REBBA changes include the following:

  • The requirement for Canadian residency of those registering as a broker or salesperson continues, but the one year minium has ended.

  • Successful registration of a brokerage demands a broker of record and a trust account, but there is no requirement for brokerage owners to be Canadian residents or citizens, nor to be registered as brokers or salespersons.

  • Restrictions on brokers and salespersons that set the percentage of voting shares held at a 10% maximum and limited ownership in a brokerage that did not employ them have also been eliminated.

“Share ownership restrictions were seen as unnecessary limitations on business and therefore eliminated,” said Smith, explaining that, as a safeguard, brokerage registrations will be subject to an ‘interested persons’ test. “The identity of shareholders or associated shareholders who own or control 10% or more of the total number of all issued and outstanding equity shares must be disclosed to the Registrar.”

When the broker of record also owns the brokerage or has a controlling share in the corporation, that broker will have clout to back up decisions that comply with REBBA 2002 (“the Act”), but that might not align with corporate plans. However, when the broker of record is a merely an employee, what prevents the potential coercion of this individual by owners of the brokerage?

“Under the new Act, the broker of record is legally accountable for both themselves acting with honesty and integrity as a registrant under the Act, and for the compliance of the brokerage overall with the Act,” said Smith. “Individuals pressuring a broker of record, or any other registrant in the brokerage to act out of compliance with the law would be violating the terms of their registration and would run the danger of being revoked and barred from continuing work as brokers or salespeople in this sector. The new Act's provisions regarding the interlocking accountability of brokers, brokers of record and other brokers and salespeople actually establish stronger responsibility for overall honesty and compliance within brokerages and better address any sort of ‘collective bad action’ than did the previous Act.”

REBBA 2002 also broadens prohibitions against false or misleading advertising, includes provisions to prevent conflicts of interest and unethical behaviour, and increases fines up to C$50,000 for salespersons and C$250,000 for corporations. Significantly, the Code of Ethics has been included in the Act and, therefore, has the strength of law.

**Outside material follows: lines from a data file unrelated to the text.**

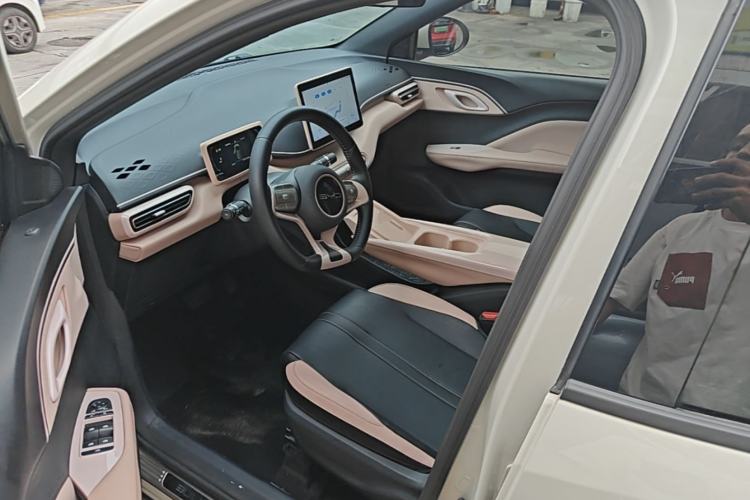 Used BYD Seagull 2023 Free Edition Left Front Seat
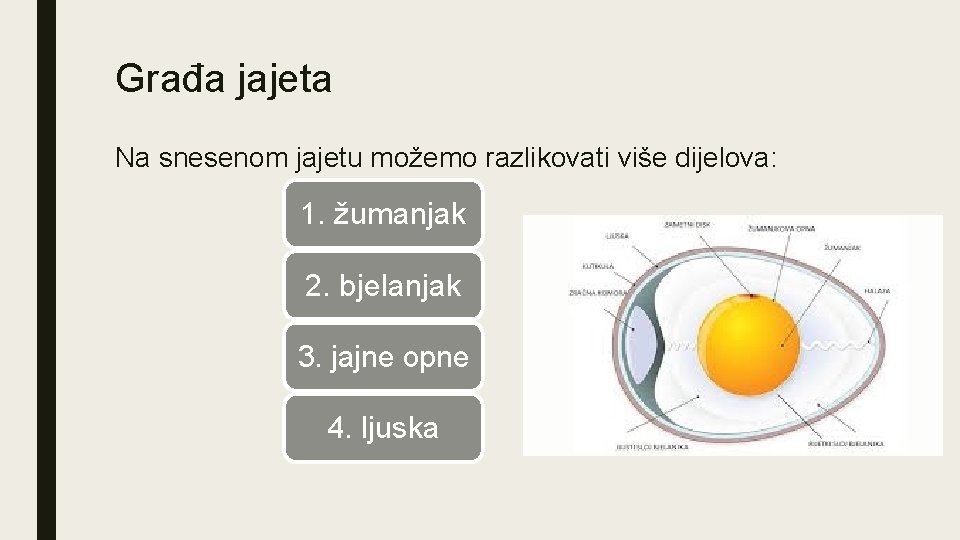 Građa jajeta Na snesenom jajetu možemo razlikovati više dijelova: 1. žumanjak 2. bjelanjak 3.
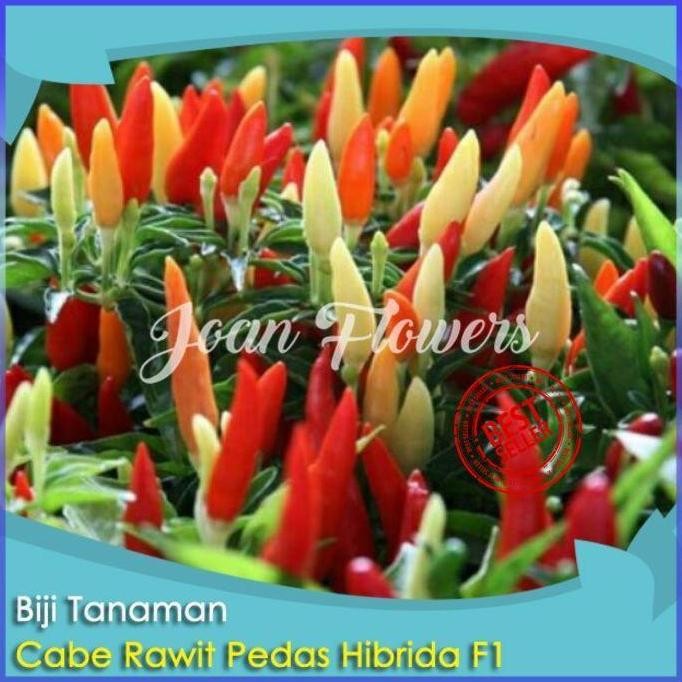 Bibit Tanaman Cabe Rit Pedas Hibrida F1 Bibit Tanaman Hias ISTIMEWA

The Real Estate Council of Ontario” (RECO) administers REBBA 2002, overseeing licensing and disciplinary matters. In exercising strengthened powers for dealing with violations and “naming names,” RECO will publish notice of ongoing investigations against real estate registrants and brokerages, and of completed disciplinary actions.

REBBA 2002 has also changed Ontario’s real estate language:

  • Broker, which previously could refer to a company and to an individual, will only mean “an individual who has the prescribed qualifications to be registered as a broker under this Act and who is employed by a brokerage to trade in real estate.” [bullet] Brokerage is the corporation, partnership, sole proprietorship or other organization that trades in real estate and may employ real estate salespeople.

  • To recognize the concept of specialization, only individuals with the certification in a real estate specialization can legally use the term specialist. Brokerages cannot be specialists.

  • Broker of Record refers to the broker designated by the brokerage to ensure that the brokerage complies with the Act and its regulations. Neither a broker of record nor a broker are legally required to own any voting or other shares or stake in the brokerage.

Note: A real estate registrant without broker status, who must be employed by a brokerage to trade in real estate, will continue to be referred to exclusively as a real estate salesperson or sales representative.